# Now to get started



## Eric Rorabaugh (Mar 6, 2021)

Went and cut this load up today. Not a lot. Cherry burl, cherry crotch, osage, and a few pieces of white cedar for a buddy to make fishing lures. Have a few cherry and a few osage logs to get later on and sawed

Reactions: Like 3 | Way Cool 4


----------



## Karl_TN (Mar 6, 2021)

Any haul that includes a burl is a nice one especially with all the other cherry to boot.

Reactions: Agree 3


----------



## T. Ben (Mar 6, 2021)

Nice thumb.

Reactions: Agree 1 | Funny 2


----------



## FranklinWorkshops (Mar 6, 2021)

T. Ben said:


> Nice thumb.


Are you sure that's his thumb?
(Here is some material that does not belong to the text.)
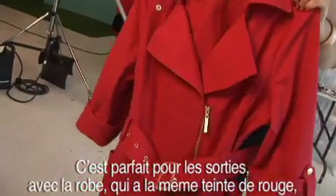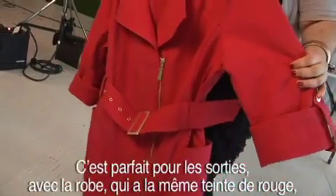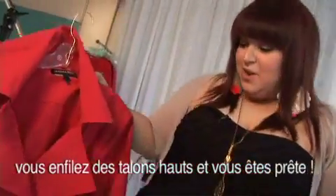It's great for a night out. You can wear it with the dress — it matches the same red, so you can be lady in red, throw on some heels and you're good to go.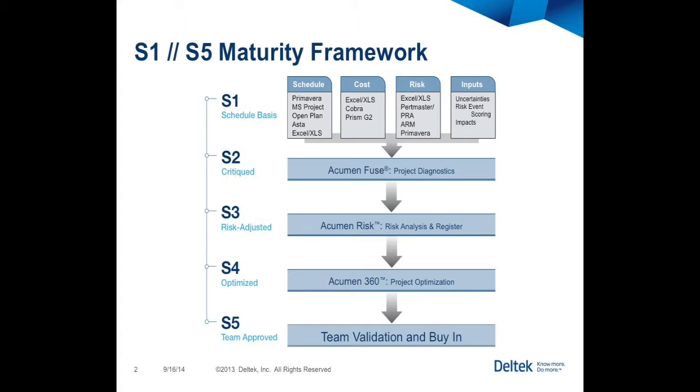A curious phenomenon occurs in S1 through S3. Often, the project team is expected to meet delivery timeframes that may seem unrealistic or challenging. Once the schedule is cleaned up and risk impacts are applied to the project, the expected finish date of the project can and often will move into the future.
He seems pretty excited about the load.

Reactions: Funny 6


----------



## Eric Rorabaugh (Mar 6, 2021)



Reactions: Funny 1


----------



## Mr. Peet (Mar 6, 2021)

Looks like a spring day there. Jealous...


----------



## Eric Rorabaugh (Mar 6, 2021)

Decent. Started out in the 20's and breezy but ended up at 42

Reactions: Like 1


----------



## Nature Man (Mar 6, 2021)

A pickup load of wood is a wonderful sight! Chuck

Reactions: Agree 1


----------



## William Tanner (Mar 6, 2021)

Great score. Love looking at loaded wood.

Reactions: Agree 1


----------